Would that make sense? Would you drag that heavy raft across mountain tops just in case you might need it again? Of course not, you would (if you had any sense) leave that raft on the side of the river and say to yourslef “that was a great raft” and when I get to the next river, I will have learned how to build a good raft and if I ever need another raft, I know I can build one well. Then you would have moved on, unemcumbered by dragging that heavy raft that you just couldn’t bring yourself to turn loose of.
We need to use the raft (past) for our journey and crossing the rivers, but we can’t hang on to it, it will become too heavy and keep us from advancing on our journey. There comes a time we must “leave it by the rivers” and move on without it. It was useful for it’s purpose, but it’s purpose is no more.
Sometimes our “raft” is made of anger, which does energize us, but if we keep dragging that anger along after its usefulness is over, we will weight ourselves down and can’t progress like we could without it.

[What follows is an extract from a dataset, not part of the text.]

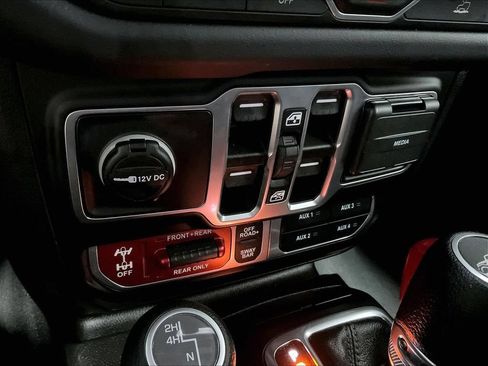 Used 2026 Jeep Gladiator Rubicon AWD/4WD image 25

Sometimes our “raft” is made of self-pity.
Sometimes our “raft” is made of the desire for revenge.
All o f these things may be our rafts, and many more things as well, but when their usefulness is over, we can’t keep dragging them and make any more progress over the hurdles and mountains until we are willing to “leave the raft behind.”
I have had so many rafts, from ones made of “self delusion” to “pity” and “self pity” of “fear” and “anger” and 100 other emotions, but I am finally learning to let go of these rafts that have been valuble to me at one “river” or another, that have kept me afloat when I was sinking. But I have to leave them behind and move onward.
I realize I have constructed soo many rafts out of the wood of anger, and though short term, it has helped me across the great rivers in my life, as a traveling companion, it weights me down. Makes the journey so much harder.
So I work on building rafts of other materials. Care for myself, kindness, building rafts that are light and folding and I can pack up and put in my back pack without weighting myself down or rebuildilng at each river crossing. Peace and love to all.